Both selectors have the same specificity, so last declaration wins.

> I haven't yet solved this problem in a way that makes me happy, unfortunately.

What does it take to make you happy? Personally, I have quite enough
with things being well-defined and predictable (nearly an utopia in
the web world), and that's what CSS Cascade gives. So, CSS Cascade
makes me happy :P

Sure, there will be cases where the result of applying Cascade won't
be what the author intended. But then the author has several tools at
his/her disposal, such as swapping the order of selectors, adding
redundant stuff to the selector that increases the specificity, using
more fine-grained selectors to match more specific stuff, etc.

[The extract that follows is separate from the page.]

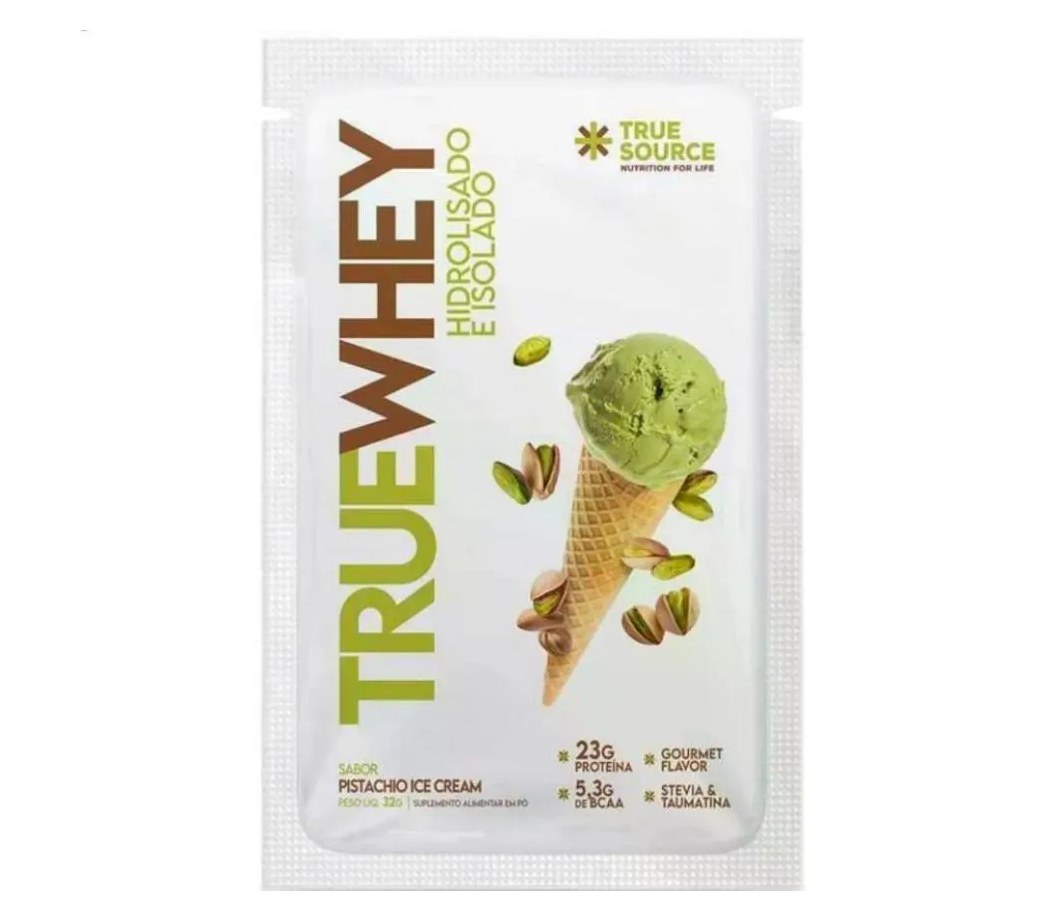 Whey Protein True Source True Whey Pistachio Ice Cream Sachê 32g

> Further problems to ponder:
>
> <b>foo</b><i>bar</i><b>baz</b>
> ::wrap(b,b) { color: blue; }
> ::wrap(i,b) { color: red; }

'foo' and 'baz' => blue; 'bar' => red.

> <b>foo<i>bar</i>baz</b>
> ::wrap(b) { color: blue; }
> ::wrap(i) { color: red; }

'foo' => blue; 'bar' and 'baz' => red.

In all these examples, I don't think we can unambiguosly determine
what an author might be attempting, but we can easily determine how
would the cascade apply.

Is it worth to break the cascading rules to deal with corner cases
where we won't even be sure to be addressing correctly?